Ive heard,read and experienced the motor troubles with 2019/2020 Levos. I own a 2018 carbon expert and love the bike. I feel terrible for my buddy who went through two 2020's before giving up. Iknow that the 2018 motors are different, so are the 2018 motors more dependable, or do they seem to hold up better?

I really don't want to sell this bike as it rides great in the many conditions I've been out in. Was thinking of buying a second battery and maybe a back up motor if they are still available? 

Any feedback is appreciated. Love the ebike thing like fat kid loves chocolate (no offense meant to fat kids)


----------



## mtbbiker (Apr 8, 2004)

This is my opinion. 2018 motors and older don’t put out as much torque. That’s probably why they are more reliable than the 2019 and newer motors. 

I bought a 2021 Levo and was updated to the latest software before I got it. Unfortunately for me a newer software to address the motor reliability was released 2 weeks after I purchased my bike. After about a month of riding, the motor was making a terrible noise and was replaced. The new motor and software has been so far so good, fingers crossed. I believe for the most part Specialized has resolved most of the reliability concerns, again fingers crossed! 
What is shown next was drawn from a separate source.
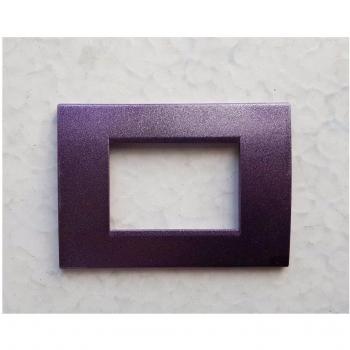 Placa Compatible Living Light ABS 3-4-7 Postes Color Púrpura Metálico - 3 Orificios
Sent from my iPhone using Tapatalk


----------



## dustyman (Feb 13, 2007)

I have a 2018 Levo. No issues with the motor so far and its super quiet. That's what sold me on the Levo. I really like the newer light weight e-bikes coming out like the Levo SL but it was much louder than the regular Levo. The e-bikes I tested with Shimano motors were terrible. I might as well be riding my motorcycle. I don't think you need to buy a second motor.


----------